L'idée de n'être point oublié de vous me console dans ma solitude. Il y a aujourd'hui un an que je ne suis sorti de ma chambre et de mon jardin qu'une seule fois. Vous me paraissez avoir pour Paris autant d'aversion qu'il m'inspire d'indifférence. Paris est fort bon pour ceux qui ont beaucoup d'ambition, de grandes passions et prodigieusement d'argent avec des goûts toujours renaissants à satisfaire. Quand on ne veut être que tranquille, on fait fort bien de renoncer à ce grand tourbillon. Paris a toujours été à peu près ce qu'il est, le centre du luxe et de la misère: c'est un grand jeu de pharaon où ceux qui taillent emboursent l'argent des pontes. Mais vous trouveriez Paris le pays de la félicité, si vous aviez vu comme moi le temps du système où il était défendu comme un crime d'état, d'avoir chez soi pour cinq cents francs d'argent. Vous n'étiez pas née lorsqu'on augmenta de cent francs la pension que l'on payait pour moi au collège, et que moyennant cette augmentation, j'eus du pain bis pendant toute l'année 1709. Les parisiens sont aujourd'hui des sybarites, et crient qu'ils sont couchés sur des noyaux de pêches parce que leur lit de roses n'est pas assez bien fait. Laissez les crier, et allez dormir en paix dans votre beau château d'Ornoi.

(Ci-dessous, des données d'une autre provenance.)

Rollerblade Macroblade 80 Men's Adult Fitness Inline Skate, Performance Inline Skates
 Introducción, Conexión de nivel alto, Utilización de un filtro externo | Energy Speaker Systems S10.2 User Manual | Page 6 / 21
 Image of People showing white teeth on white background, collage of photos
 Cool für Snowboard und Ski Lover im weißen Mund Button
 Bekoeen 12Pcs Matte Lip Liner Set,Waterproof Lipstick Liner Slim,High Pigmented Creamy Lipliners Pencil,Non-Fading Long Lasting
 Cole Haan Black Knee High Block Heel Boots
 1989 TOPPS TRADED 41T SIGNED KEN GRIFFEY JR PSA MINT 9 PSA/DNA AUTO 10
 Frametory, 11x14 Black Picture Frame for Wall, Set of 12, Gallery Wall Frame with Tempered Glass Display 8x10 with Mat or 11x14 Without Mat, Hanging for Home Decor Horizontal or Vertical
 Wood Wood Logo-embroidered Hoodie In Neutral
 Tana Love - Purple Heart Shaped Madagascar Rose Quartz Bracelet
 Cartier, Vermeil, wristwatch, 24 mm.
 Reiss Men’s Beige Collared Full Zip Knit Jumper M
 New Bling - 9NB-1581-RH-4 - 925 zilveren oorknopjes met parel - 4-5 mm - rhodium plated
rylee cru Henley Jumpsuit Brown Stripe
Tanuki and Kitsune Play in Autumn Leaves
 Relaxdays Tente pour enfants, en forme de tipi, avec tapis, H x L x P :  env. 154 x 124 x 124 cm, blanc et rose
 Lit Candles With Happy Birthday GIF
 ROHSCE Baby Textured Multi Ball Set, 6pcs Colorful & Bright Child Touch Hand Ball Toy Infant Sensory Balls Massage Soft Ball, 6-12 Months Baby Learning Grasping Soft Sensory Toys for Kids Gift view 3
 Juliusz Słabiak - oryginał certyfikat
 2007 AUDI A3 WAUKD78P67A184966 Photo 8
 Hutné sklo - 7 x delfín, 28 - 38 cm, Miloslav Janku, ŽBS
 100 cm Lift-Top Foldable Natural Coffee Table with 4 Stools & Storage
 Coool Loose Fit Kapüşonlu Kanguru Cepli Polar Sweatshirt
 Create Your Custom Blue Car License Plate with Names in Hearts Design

Je m'affaiblis tous les jours, ma chère nièce; je n'ai pas longtemps à vivre, et bientôt je vous dirai bonsoir. Si en attendant vous voulez vous amuser à Ornoi de quelques nouveautés, vous n'avez qu'à faire un marché avec la fermière générale qui se charge de vos paquets: on lui donnera la permission de les lire pourvu qu'elle vous les envoie bien honnêtement. Je vous embrasse, vous et m. de Florian de tout mon cœur.